La preoccupazione sulle condizioni del Pianeta che lasceremo alle generazioni future è alla base anche della riflessione di Andrea Drago, 26 anni, studente di Matematica a Roma. Dal 2019 fa parte del movimento internazionale Extinction Rebellion che chiede ai governi risposte concrete al climate change. «Ho sempre immaginato di diventare padre, anche se nessuna delle ragazze con cui sono stato voleva figli» racconta. «Ma di fronte a un mondo dove la temperatura è cresciuta di 4 gradi, le risorse diminuiscono e la gente è costretta a lasciare le sue case per gli effetti di tutto ciò, come in Australia, non me la sento di prendermi la responsabilità per chi non ha chiesto di nascere. Non è catastrofismo: se mi renderò conto che le cose stanno migliorando, potrei anche cambiare idea».

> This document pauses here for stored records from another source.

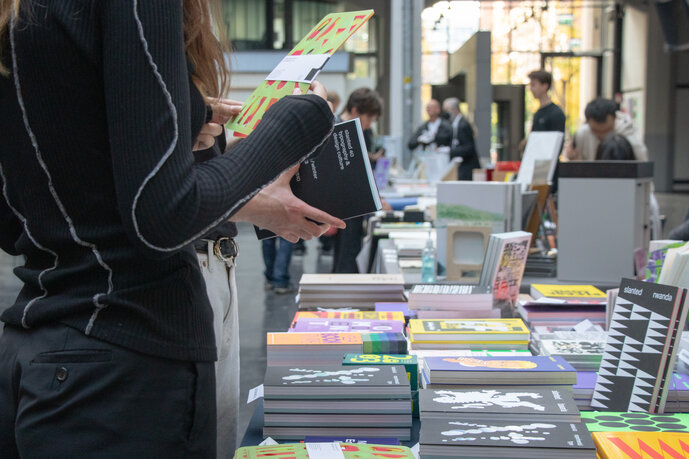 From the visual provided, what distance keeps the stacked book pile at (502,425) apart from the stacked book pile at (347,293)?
0.98 metres

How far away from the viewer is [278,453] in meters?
1.09

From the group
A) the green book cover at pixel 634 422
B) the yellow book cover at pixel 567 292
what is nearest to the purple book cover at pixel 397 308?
the yellow book cover at pixel 567 292

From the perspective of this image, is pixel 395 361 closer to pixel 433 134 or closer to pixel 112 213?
pixel 112 213

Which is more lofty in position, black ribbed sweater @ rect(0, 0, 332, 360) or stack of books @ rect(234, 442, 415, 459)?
black ribbed sweater @ rect(0, 0, 332, 360)

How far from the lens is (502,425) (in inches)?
43.7

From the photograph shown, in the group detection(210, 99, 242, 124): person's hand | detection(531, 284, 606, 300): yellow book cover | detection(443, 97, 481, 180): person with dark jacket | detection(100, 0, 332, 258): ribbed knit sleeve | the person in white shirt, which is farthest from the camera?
detection(443, 97, 481, 180): person with dark jacket

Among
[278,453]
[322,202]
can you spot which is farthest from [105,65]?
[278,453]

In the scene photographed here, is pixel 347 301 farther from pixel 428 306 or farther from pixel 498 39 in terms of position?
pixel 498 39

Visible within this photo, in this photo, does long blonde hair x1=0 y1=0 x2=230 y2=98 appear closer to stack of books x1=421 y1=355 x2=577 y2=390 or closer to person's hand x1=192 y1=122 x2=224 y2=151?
person's hand x1=192 y1=122 x2=224 y2=151

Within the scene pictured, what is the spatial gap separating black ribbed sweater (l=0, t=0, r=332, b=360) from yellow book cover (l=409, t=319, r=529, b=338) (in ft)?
2.96

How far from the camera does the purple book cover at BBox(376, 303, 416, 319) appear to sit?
2.03 m

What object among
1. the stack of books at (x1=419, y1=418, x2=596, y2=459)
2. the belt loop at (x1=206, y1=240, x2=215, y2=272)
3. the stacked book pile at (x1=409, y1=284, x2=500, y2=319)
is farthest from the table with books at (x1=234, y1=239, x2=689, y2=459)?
the belt loop at (x1=206, y1=240, x2=215, y2=272)

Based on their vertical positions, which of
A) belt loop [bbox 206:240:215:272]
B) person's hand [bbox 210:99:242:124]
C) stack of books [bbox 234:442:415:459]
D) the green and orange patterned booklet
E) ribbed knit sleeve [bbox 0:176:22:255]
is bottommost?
stack of books [bbox 234:442:415:459]

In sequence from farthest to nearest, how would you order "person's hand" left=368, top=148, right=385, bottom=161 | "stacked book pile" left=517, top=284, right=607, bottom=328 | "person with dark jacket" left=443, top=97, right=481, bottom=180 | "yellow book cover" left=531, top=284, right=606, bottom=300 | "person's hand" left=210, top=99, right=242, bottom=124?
1. "person with dark jacket" left=443, top=97, right=481, bottom=180
2. "person's hand" left=368, top=148, right=385, bottom=161
3. "yellow book cover" left=531, top=284, right=606, bottom=300
4. "stacked book pile" left=517, top=284, right=607, bottom=328
5. "person's hand" left=210, top=99, right=242, bottom=124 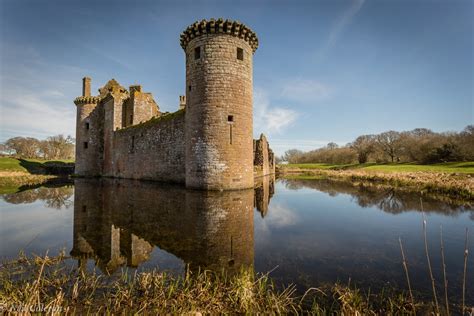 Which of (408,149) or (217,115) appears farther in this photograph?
(408,149)

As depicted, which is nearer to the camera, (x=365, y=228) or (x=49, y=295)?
(x=49, y=295)

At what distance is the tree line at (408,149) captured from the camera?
41688 millimetres

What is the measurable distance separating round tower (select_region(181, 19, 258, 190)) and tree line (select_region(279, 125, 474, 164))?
47592 mm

Una sfida che riguarda i continenti in crescita demografica
Sull’efficacia dello sciopero riproduttivo, però, gli addetti ai lavori sono divisi. «Se si tratta di una provocazione posso capirla, ma non è questa la soluzione» sostiene Antonello Pasini, fisico del clima al Cnr di Roma. «La vera sfida è cambiare i nostri comportamenti in modo che siano in armonia con le dinamiche naturali. Perché uomo e ambiente non sono 2 sistemi diversi e divisi, e devono evolvere assieme. Inoltre, se questi ragazzi hanno una coscienza ecologica, molto probabilmente l’avranno anche i loro figli, e le cose in futuro miglioreranno». Ma questo approccio non risolve il problema della sovrappopolazione, per cui è già quasi raddoppiato il numero ritenuto sostenibile (4,5 miliardi di abitanti) sulla Terra. «Obiettivamente è un problema» ribatte Pasini «ma lo è soprattutto perché molte persone vivono in maniera non sostenibile. La “bomba demografica” riguarda continenti come l’Africa, che nello sviluppo futuro dovranno evitare gli errori che abbiamo fatto noi».
Una denatalità con conseguenze negative
Anche se il movimento Gink ha “contagiato” l’Italia, il nostro Paese non ha certo un problema di sovrappopolazione: ci sono appena 440.000 nuovi arrivi l’anno. «Una natalità bassa come la nostra ha varie conseguenze negative, tra cui meno sostenibilità del sistema sociale, minori investimenti sulla formazione dei giovani e sulle soluzioni innovative per un uso più efficiente delle risorse del Pianeta» avvisa Alessandro Rosina, docente di Demografia all’università Cattolica di Milano. «Va rispettato chi non fa figli per scelta, ma il punto resta rimuovere le condizioni che portano chi vuole una famiglia a rinunciarci ».
Soluzioni? «Serve la capacità di affrontare in modo integrato la sfida delle quattro “i”: invecchiamento, immigrazione, innovazione tecnologica, impatto ambientale. È da questo che dipende la qualità della vita delle prossime generazioni. Salvare il Pianeta è compito di tutti, ma più giovani ci saranno a dar forza a tale cambiamento e meno si potrà essere pessimisti sul futuro dell’ecosistema».